Reasonable grounds point to such facts and circumstances as would justify a reasonable or ordinarily prudent man to believe that a suspect has committed a crime. To constitute reasonable grounds, facts must be such which are within the possession of the Prosecutor which raise a clear suspicion of the suspect being guilty of the crime. […] It is sufficient that the Prosecutor has acted with caution, impartiality and diligence as a reasonably prudent prosecutor would under the circumstances to ascertain the truth of his suspicions. It is not necessary that he has double checked every possible piece of evidence, or investigated the crime personally, or instituted an enquiry into any special matter. […] The evidence, therefore, need not be overly convincing or conclusive; it should be adequate or satisfactory to warrant the belief that the suspect has committed the crime. The expression “sufficient evidence” is thus not synonymous with “conclusive evidence” or “evidence beyond reasonable doubt.” (Review of the Indictment against Ivica Rajic, Decision of 29 August 1995, Case no. IT-95-12)

Given the limited role played by EUNAVFOR in the investigation and prosecution of piracy, perhaps reference to recent international commissions of inquiry, whose standards are generally lower than those of purely judicial institutions, might also provide for additional guidance. For instance, the International Commission of Inquiry on Darfur acted upon a standard of “reliable body of material consistent with other verified circumstances, which tends to show that a person may reasonably be suspected of being involved in the commission of a crime” (para. 15).
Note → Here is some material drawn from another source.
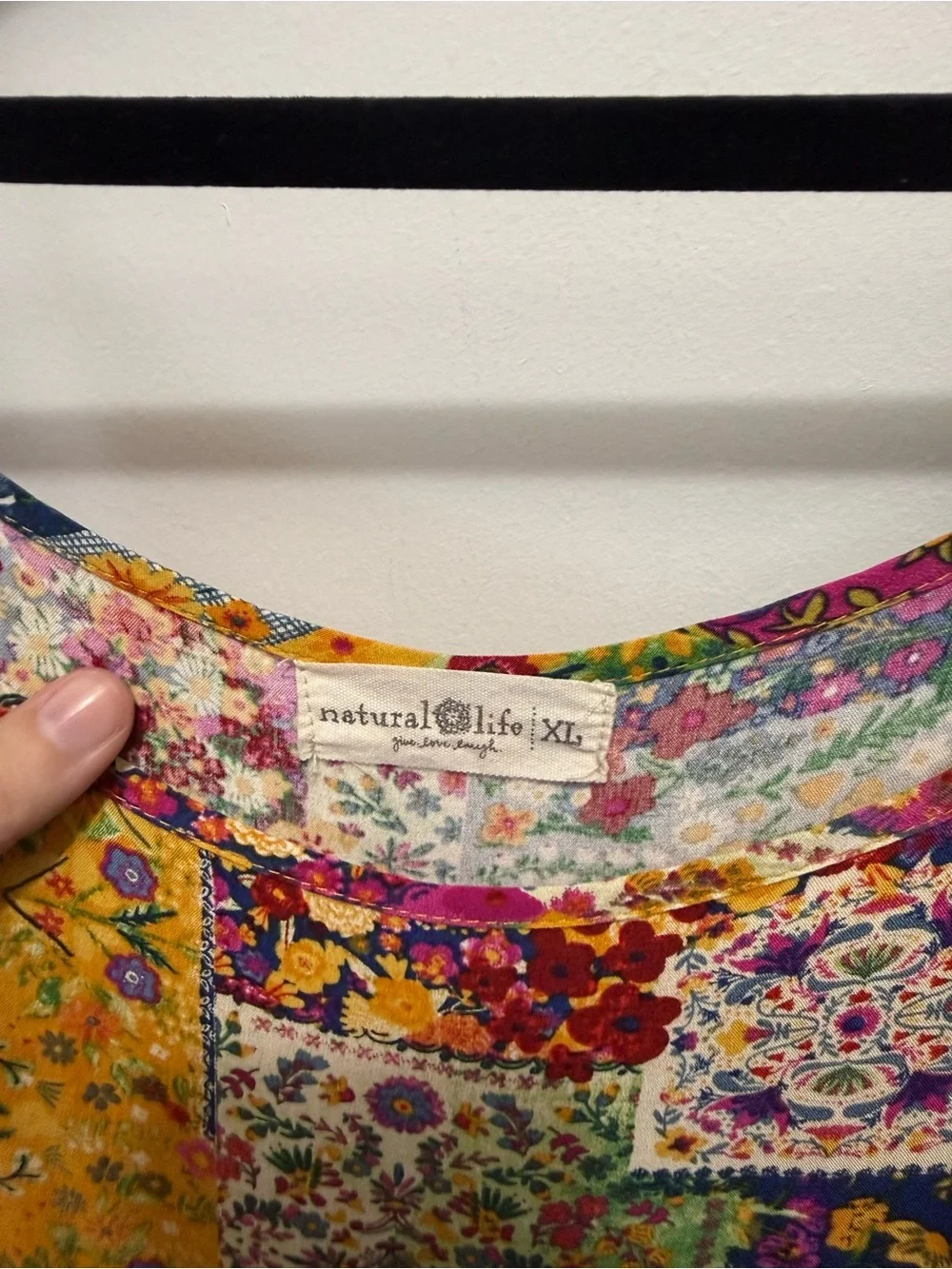 NATURAL LIFE Floral Patchwork Yellow Pink Green Blue Jumpsuit Romper - Picture 6 of 9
Pirates or Fishermen? - Courtesy AP

Pirates or Fishermen? – Courtesy AP

Put plainly, the review above shows that a discrete amount of supporting evidence and the mere possibility, rather than the certainty, of the commission of a crime are therefore required to meet the “reasonable suspicion” standard encompassed in Resolution 2077 for the seizure and disposition of suspected pirate skiffs. It is, arguably, an extremely low standard but it demarcates the basic threshold for piracy-disruption activities. Suspecting the commission of a crime, however, falls a long way from having demonstrable proof. While this standard might also be akin to that required for the arrest of a suspected pirate, those necessary to proceed to his investigation and prosecution are increasingly higher and still depend upon factors such as the quantity and the quality of the evidence, as well as the willingness of State actors to proceed. Finally, several questions remain on the suitability and susceptibility of claims of unlawful destruction of vessels to be brought before Somali authorities when adequated grounds for such destruction are missing or in doubt.